Es por ello que puede prestarse a equívoco la llamativa presencia de Channing Tatum y el resto del reparto en las imágenes y videos promocionales de su último estreno. Magic Mike (2012) da lo que promete y está repleta en su mayoría de actuaciones de strippers masculinos, pero lo que en cualquier otras manos podría haber sido perfectamente un producto para adolescentes sin más interés que el de aprovechar el atractivo de su protagonista (con experiencia previa en el puesto, se nota), al pasar por la fría y analítica mirada de Soderbergh se convierte en un retrato sobre la oscuridades del capitalismo y su falsa moral. Como ya lograra en The Girlfriend Experience (2009), nos atrae con la polémica y expectación que pueden causar tanto la actriz porno Sasha Grey como los pectorales de Tatum, pero no lo hace siendo presa del morbo, al contrario, la presa que cae en sus redes somos nosotros, Soderbergh cree en el espectáculo como entrada hacia otro cine bien distinto, dejando su impronta en la parte de verdad que hay detrás y que no nos cuentan de las historias de siempre.
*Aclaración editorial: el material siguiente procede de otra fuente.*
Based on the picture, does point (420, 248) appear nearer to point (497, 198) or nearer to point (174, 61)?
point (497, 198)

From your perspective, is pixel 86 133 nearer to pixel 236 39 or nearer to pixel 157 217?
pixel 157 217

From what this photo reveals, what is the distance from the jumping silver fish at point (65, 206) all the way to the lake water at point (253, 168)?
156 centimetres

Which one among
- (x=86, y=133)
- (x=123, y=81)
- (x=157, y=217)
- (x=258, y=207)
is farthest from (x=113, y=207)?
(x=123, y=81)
Ambas reflejan una supuesta América de éxito, poder y exceso que está podrida por dentro. Si en aquella la narración era fragmentada y rupturista, ahora el relato se presta más convencional, con la capacidad de explotar los talentos de su reparto, del que destaca la comicidad de Matthew Mcconaughey, al tiempo que nos sumerge junto a sus protagonistas en los bajos fondos de ese mundo nocturno que bien podría asemejarse en sus tinieblas al de las grandes corporaciones y bancos.
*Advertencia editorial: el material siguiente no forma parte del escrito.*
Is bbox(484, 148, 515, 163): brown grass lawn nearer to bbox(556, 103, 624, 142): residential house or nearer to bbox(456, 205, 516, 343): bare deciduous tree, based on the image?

Magic Mike se enmarca dentro de las películas que narran la búsqueda del sueño americano, aunque esta se haya convertido en desnudarte -o hacer lo que haga falta- para conseguir el dinero con el que cumplirlos. El stripper como metáfora de un capitalismo salvaje que parece no tener fin, salvo el que le ponga de cada uno. Y el que se pone (y quita) el traje cada noche por dinero no olvida que en el fondo también es una persona a la que han convertido en un objeto con el que traficar. Cuestiones que Soderbergh ya ha reflejado anteriormente de una manera u otra en su obra, por ello incide en la humanización de su protagonista, que pretende cambiar su vida al mismo tiempo que exhibe su cuerpo con el que negocia, una decisión que a simple vista puede parecer contradictoria -y que lo es, de hecho en torno a esa contradicción se mueve el film-, pero que define tanto las intenciones de su cine como a su personaje, atrapados en un mundo del que dependen para salir dé él. Tampoco se busca una moraleja fácil en la redención, la contraposición de ideas acaba por ejecutar de manera natural una decisión final que solo es el principio de una nueva oportunidad. La que podemos dar a uno de los cineastas americanos más lúcidos de nuestros tiempos, sobre todo ahora que estos no lo son tanto.